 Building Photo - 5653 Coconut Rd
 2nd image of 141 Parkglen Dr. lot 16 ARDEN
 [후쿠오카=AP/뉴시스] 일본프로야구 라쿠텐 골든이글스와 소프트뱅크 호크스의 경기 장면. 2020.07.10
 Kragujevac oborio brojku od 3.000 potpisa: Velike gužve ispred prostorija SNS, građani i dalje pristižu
...
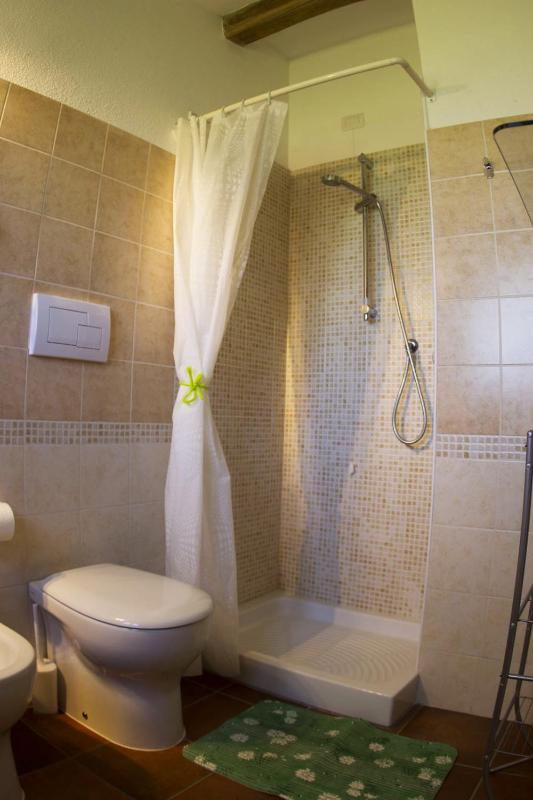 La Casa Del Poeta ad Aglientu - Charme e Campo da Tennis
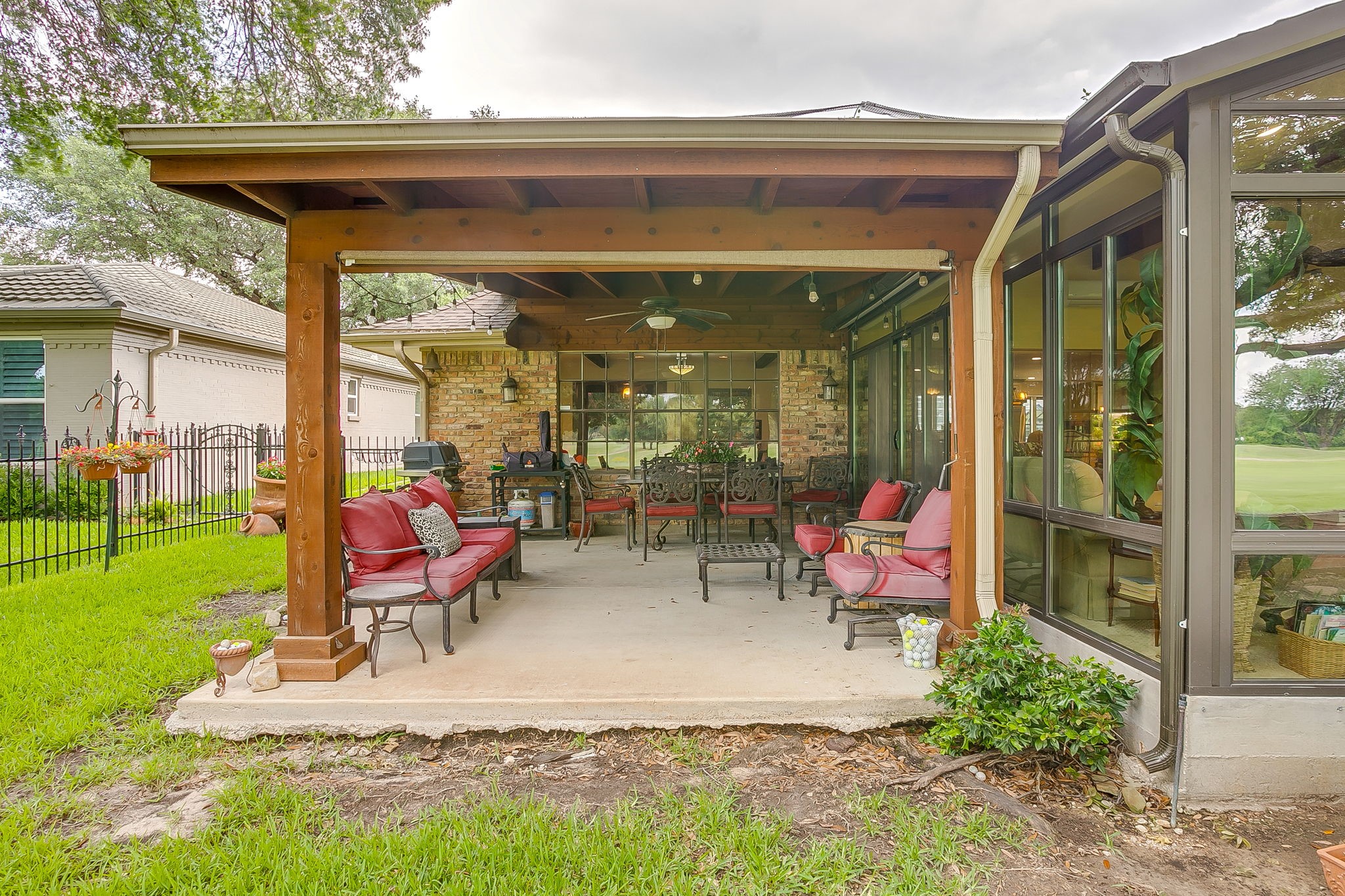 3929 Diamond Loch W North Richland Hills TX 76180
--
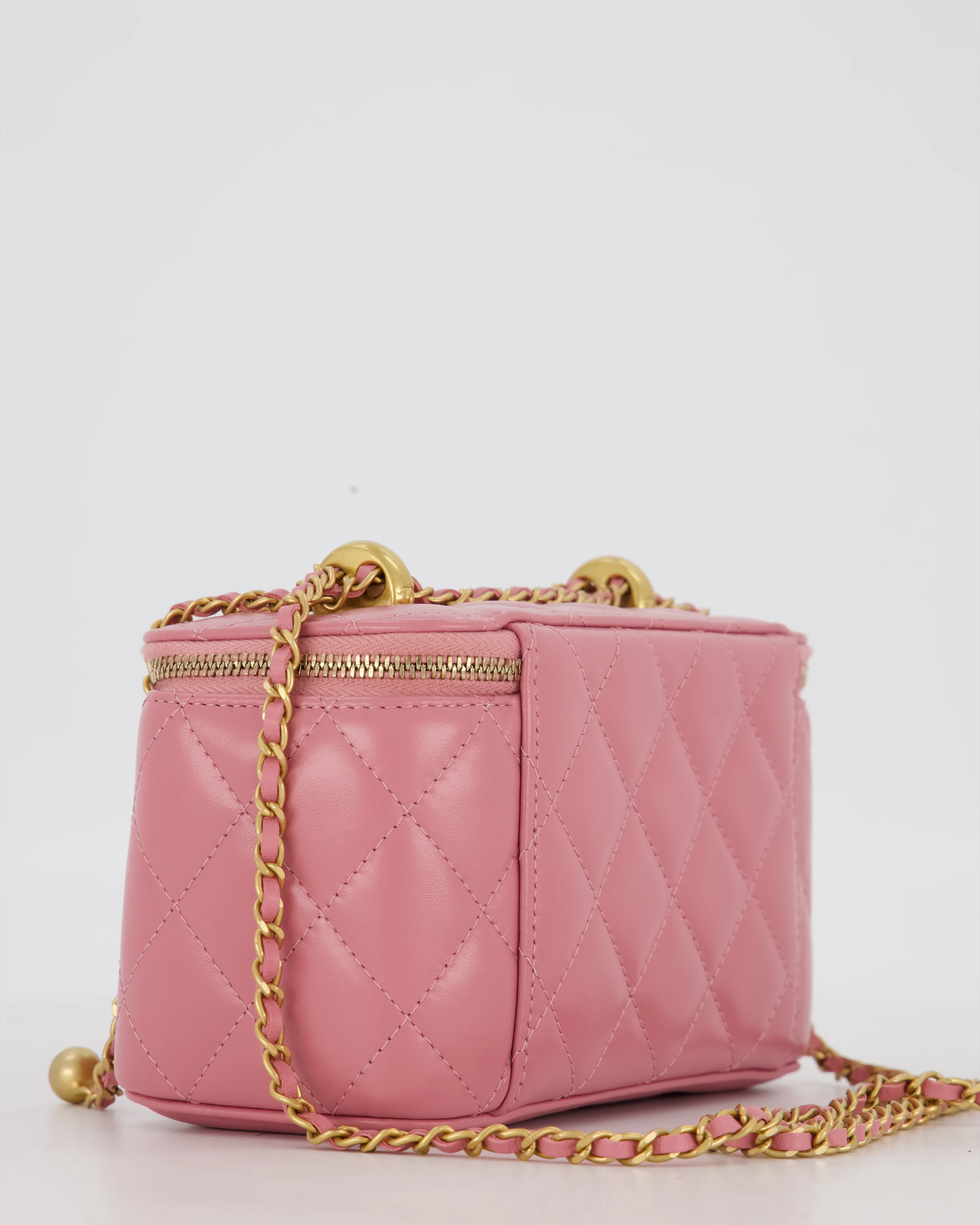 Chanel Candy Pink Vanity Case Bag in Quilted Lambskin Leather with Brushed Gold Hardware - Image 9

* Problem details *
Transcribe each line of the data above, unaltered, from the one where "2nd image of 141 Parkglen Dr. lot 16 ARDEN" appears to the one where "Kragujevac oborio brojku" appears, inclusive of both.

* Worked solution *
 2nd image of 141 Parkglen Dr. lot 16 ARDEN
 [후쿠오카=AP/뉴시스] 일본프로야구 라쿠텐 골든이글스와 소프트뱅크 호크스의 경기 장면. 2020.07.10
 Kragujevac oborio brojku od 3.000 potpisa: Velike gužve ispred prostorija SNS, građani i dalje pristižu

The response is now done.